I’m still doing renovation on my rental property, a lot of times, guys came out to give me an estimate, and it’s absurd that when he sees that I’m a girl, he jacked up the price. To combat this problem, I had multiple companies or contractors come out at the same time.

  1. They know they are not the only one out there.
  2. I get the truest price when there are more than one parties coming out. By eliminate me as a female out of the equation (because they saw their competitors), they would give me their truest lowest price.
  3. I have guys cutting corners because they wouldn’t think I would go up the to the roof to check if they actually do the job, or went up into the attic to check on the job. I don’t know if it’s a women thing, or they’re that way. What I’ve learned is no matter how much I pay for the job, they ALL will try to cut corners.
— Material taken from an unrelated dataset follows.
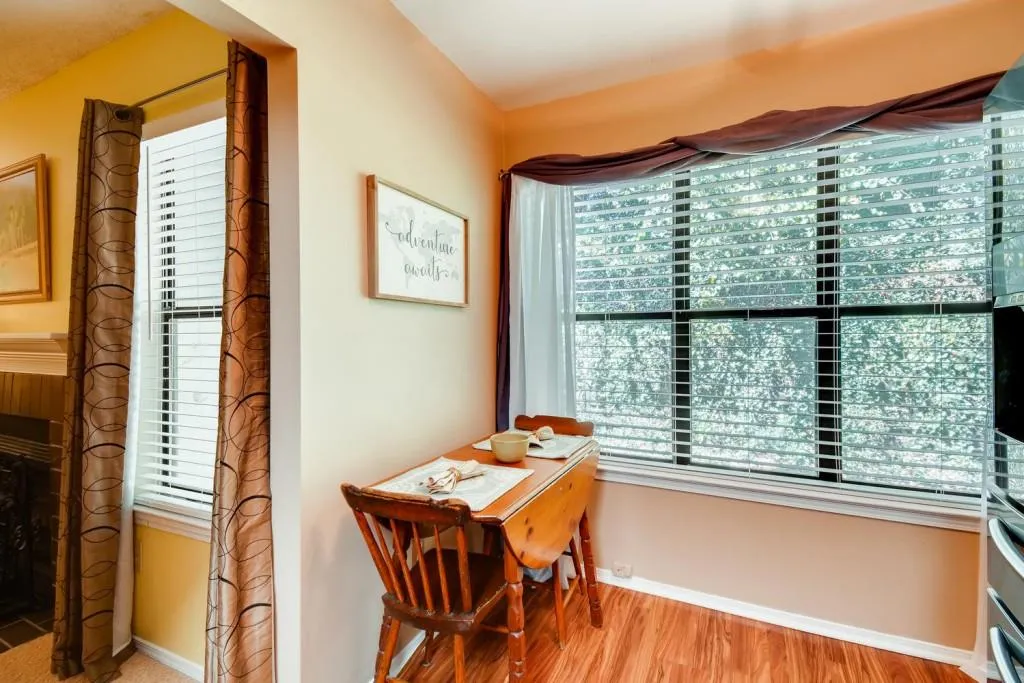 2011 Huntingdon Unit 2011, Atlanta, Georgia 30350, 2 Bedrooms Bedrooms, ,2 BathroomsBathrooms,Residential,Sold,2011 Huntingdon Unit 2011,6619524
Another way to put this: Financial Independent empowered women. I’d have to say, if I run into this sort of issue, I can always choose to walk away from the job, and not having to worry about my bills will be paid. Granted, she kept saying she likes the project, and she felt like she was getting somewhere, doing something good with her career, and she didn’t want to walk from it. But base on what she said, it seems hellish to me. If someone that miserable, documenting everything at work, wouldn’t she a little tired of all this? I’m pretty sure, at some point, somebody must have said something inappropriate to me, and I’d just shake it off and walk away from the situation. Memory that is unpleasant, people that I don’t want to hang out it, I don’t have to endure their abuse. And I wouldn’t let them abuse me any further by documenting what they said, or keep thinking about it.

 

Was it a smart move from her? It’s 50-50

1. People who are hiring her from this point on know she keeps record of inappropriate behavior of bosses or corporate culture going around her. This probably the very thing that prevent people from reporting it fighting when they face oppression. 

2. Now everyone knows who she is, what a great engineer she is, and how strong she is. This will open a lot more opportunities for her in the future, whether it’s in the engineer world, or in policy making somewhere.

Would I do it? Probably not. I’ll find my own solution to work around it or not throw myself in that situation. I play soccer with men before, some of them didn’t like it, some of them think it’s cool.